Workflow to plot the individual reads in a region of interest in a Strand-seq library. Written by Benedict March 2023, please let me know if you have any suggestions/issues!
Clone this repository like so:
git clone https://github.com/Sanders-Lab/strand-seq-read-plots
Then you can change directory into the created folder to run the scripts:
cd strand-seq-read-plots
For the shell script you will need samtools
installed and in your environment (e.g. via conda: conda install -c bioconda samtools
).
For the R script you will require tidyverse for dplyr & ggplot2, which you can load with library(tidyverse)

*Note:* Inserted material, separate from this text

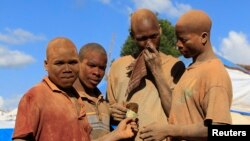 FILE - Youths covered in dust work at an open-pit gold mine in Lukingi village in Mubende district, about 150 km (90 miles) southwest of Uganda's capital Kampala.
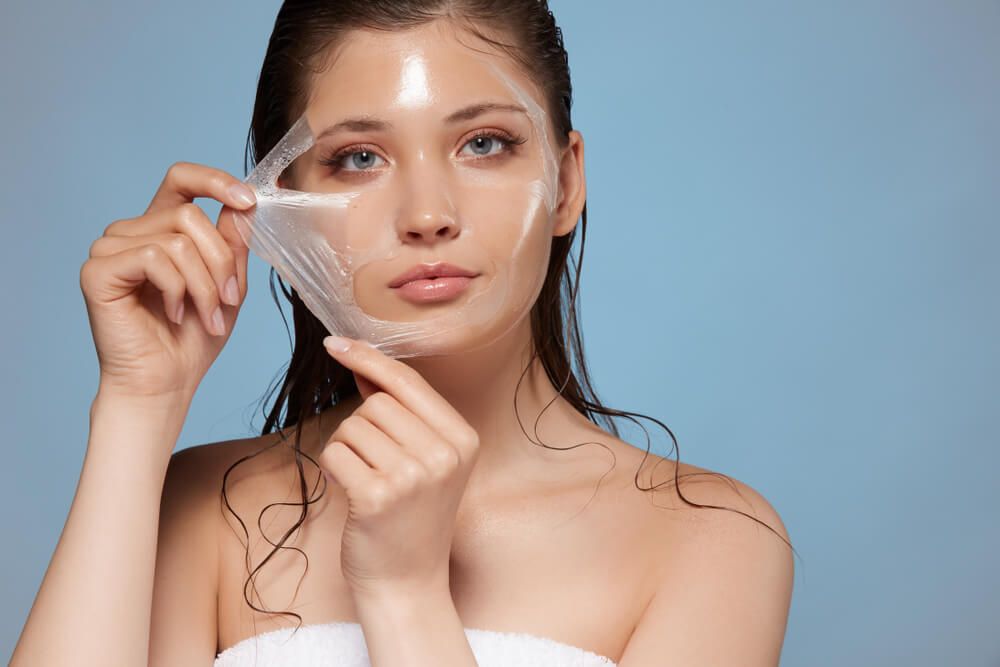 woman removing moisturizing mask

or install with install.packages("tidyverse")
.
Note that due to dependency issues, you may find it better to have samtools and R in different conda environments.
The first step is to execute 1_extract_reads.sh
to extract the Watson and Crick reads:
bash 1_extract_reads.sh \
/fast/groups/ag_sanders/work/data/strand_seq/internal/human/P1530/bam \
chr16:5643516-7570129 \
P1530_example_output.txt
Where the 1st command line argument is a directory containing the bam files of interest, the 2nd is the region of interest (format CHROM:Start-End), and the 3rd is a filepath for the output file.
Next you can plot the reads in your region of interest in R, by sourcing the plot_counts()
function in 2_plot_reads.R
.
Here is an example script to visualise a region of interest on chr16 on P1530_i484:
source('2_plot_reads.R')
library(tidyverse)
reads_df = read.table("P1530_example_output.txt.gz", header = T) %>%
filter(cell == "P1530_i484_.sorted.mdup")
png("P1530_chr16_example_plot.png", width = 900, height = 300)
plot_counts(input_df = reads_df)
dev.off()
The output is the graph below. Enjoy!